■ **ASSIGNMENT**: Only one stretch of the data is wanted: the line containing "Adesivi Cerchi MTB Syncross in vinile", the line containing "06 Lamborghini Gallardo", and every line between them, copied exactly.

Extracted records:
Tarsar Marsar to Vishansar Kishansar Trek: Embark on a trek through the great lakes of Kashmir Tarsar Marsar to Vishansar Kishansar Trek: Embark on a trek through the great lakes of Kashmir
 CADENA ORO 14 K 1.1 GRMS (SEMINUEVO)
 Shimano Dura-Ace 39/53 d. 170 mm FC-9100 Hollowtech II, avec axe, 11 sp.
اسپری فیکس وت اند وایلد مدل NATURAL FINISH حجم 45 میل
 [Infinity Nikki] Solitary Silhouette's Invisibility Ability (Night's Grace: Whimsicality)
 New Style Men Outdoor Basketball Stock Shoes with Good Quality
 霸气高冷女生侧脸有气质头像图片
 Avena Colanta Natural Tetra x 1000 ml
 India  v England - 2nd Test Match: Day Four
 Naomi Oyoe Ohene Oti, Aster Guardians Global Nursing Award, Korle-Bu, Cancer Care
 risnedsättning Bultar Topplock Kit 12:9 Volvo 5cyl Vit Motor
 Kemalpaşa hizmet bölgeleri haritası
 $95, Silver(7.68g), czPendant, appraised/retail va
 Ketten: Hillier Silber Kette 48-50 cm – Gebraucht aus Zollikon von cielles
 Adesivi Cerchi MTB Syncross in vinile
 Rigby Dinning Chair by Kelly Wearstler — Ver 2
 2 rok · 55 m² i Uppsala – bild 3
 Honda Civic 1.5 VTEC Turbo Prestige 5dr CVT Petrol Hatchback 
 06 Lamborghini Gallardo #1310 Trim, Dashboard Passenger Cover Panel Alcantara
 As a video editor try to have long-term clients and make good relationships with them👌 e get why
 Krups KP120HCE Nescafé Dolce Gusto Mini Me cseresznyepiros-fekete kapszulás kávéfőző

■ **EXERCISE SOLUTION**:
 Adesivi Cerchi MTB Syncross in vinile
 Rigby Dinning Chair by Kelly Wearstler — Ver 2
 2 rok · 55 m² i Uppsala – bild 3
 Honda Civic 1.5 VTEC Turbo Prestige 5dr CVT Petrol Hatchback 
 06 Lamborghini Gallardo #1310 Trim, Dashboard Passenger Cover Panel Alcantara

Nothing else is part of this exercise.